In [1]:
import ibis
from ibis import _

ibis.options.interactive = True

In [2]:
moves = ibis.read_parquet("/data/deepyaman/lichess-2024-07/moves/*.parquet")
moves

# Filter

In [3]:
%%time
moves.site.nunique().to_pyarrow().as_py()

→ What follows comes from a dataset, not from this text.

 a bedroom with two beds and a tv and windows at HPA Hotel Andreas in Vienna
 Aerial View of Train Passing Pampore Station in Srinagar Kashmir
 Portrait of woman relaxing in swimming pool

CPU times: user 8min 17s, sys: 54.8 s, total: 9min 12s
Wall time: 7.07 s


89850657

In [4]:
%%time
import ibis.expr.types as ir


def parse_time_control(time_control: ir.StringColumn) -> dict[str, ir.Column]:
    index = time_control.find("+")
    base_time = time_control.substr(0, index).try_cast(int)
    increment = time_control.substr(index + 1).try_cast(int)

    time_control_type = (
        ibis.case()
        .when(time_control.isnull() | time_control.startswith("?"), "UNKNOWN")
        .when(time_control.startswith("-"), "UNLIMITED")
        .when(base_time + 60 * increment < 3 * 60, "BULLET")
        .when(base_time + 60 * increment < 15 * 60, "BLITZ")
        .when(base_time + 60 * increment < 60 * 60, "RAPID")
        .else_("STANDARD")
        .end()
    )

    return {
        "time_control_base_time": base_time,
        "time_control_increment": increment,
        "time_control_type": time_control_type,
    }


moves_with_parsed_time_control = moves.mutate(**parse_time_control(_.time_control))
moves_with_parsed_time_control.time_control_type.value_counts().preview()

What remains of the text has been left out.